_How to complete this task:_
The data below is to be written out exactly, with no pictures.

_Data provided:_

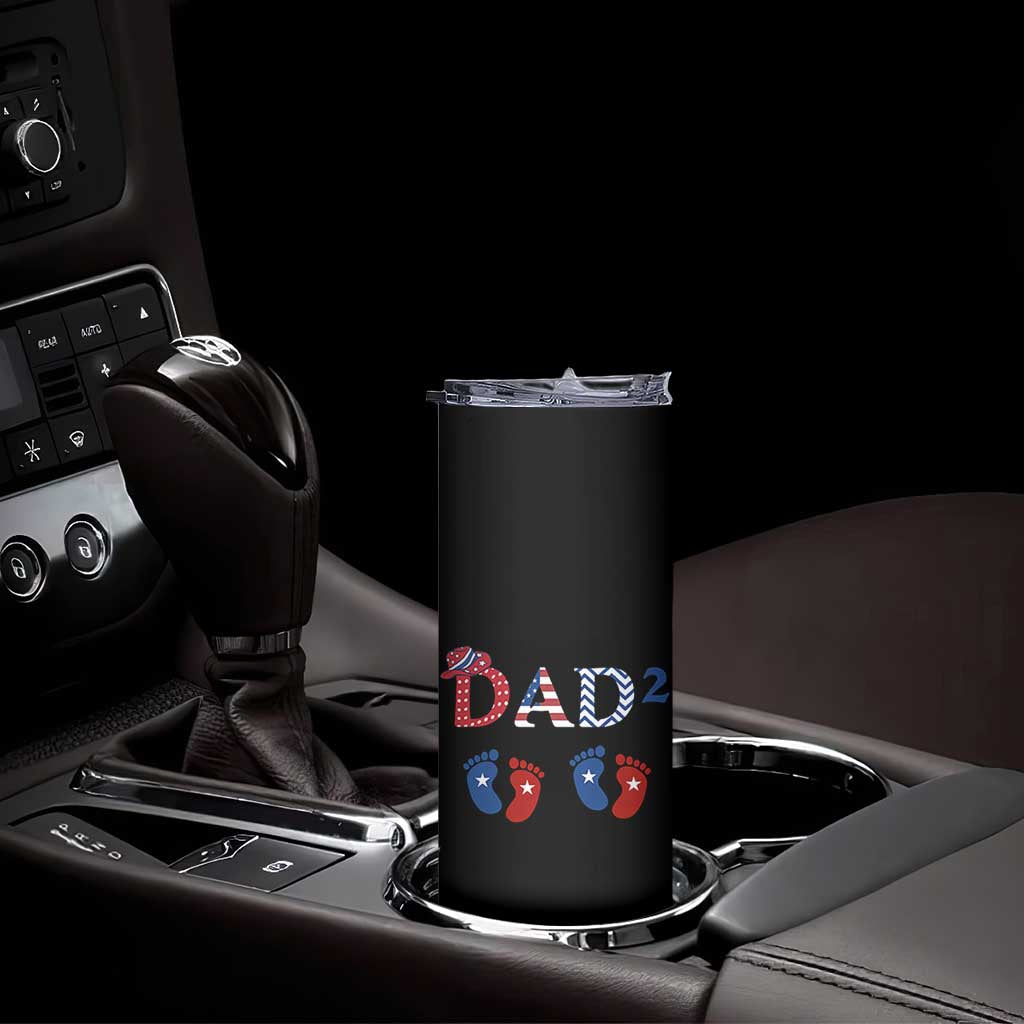 Patriotic Twin Dad American Flag Skinny Tumbler Father Of Twins USA Gift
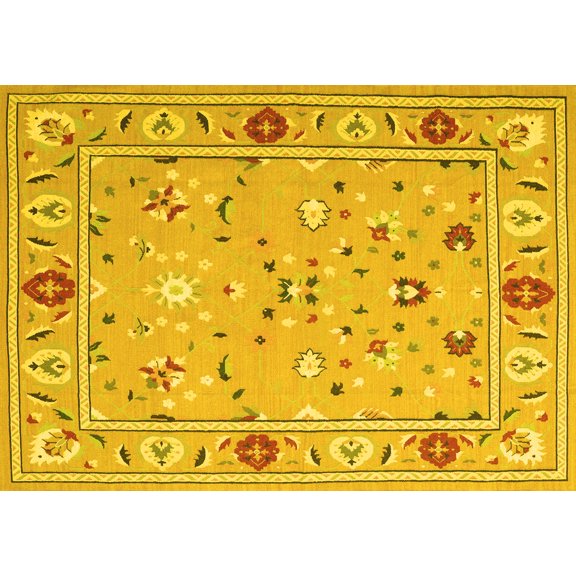Ahgly Company Indoor Rectangle Abstract Yellow Contemporary Area Rugs, 4' x 6'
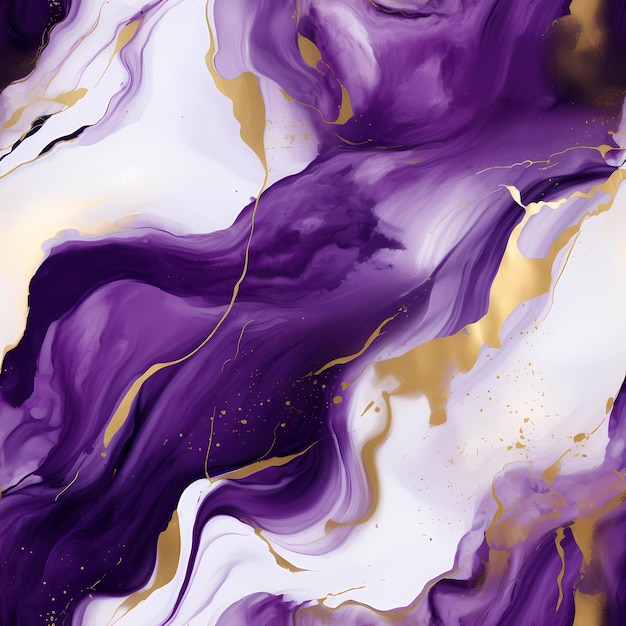 A painting of purple and yellow paint with the title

_Reply to the task:_
 Patriotic Twin Dad American Flag Skinny Tumbler Father Of Twins USA Gift
Ahgly Company Indoor Rectangle Abstract Yellow Contemporary Area Rugs, 4' x 6'
 A painting of purple and yellow paint with the title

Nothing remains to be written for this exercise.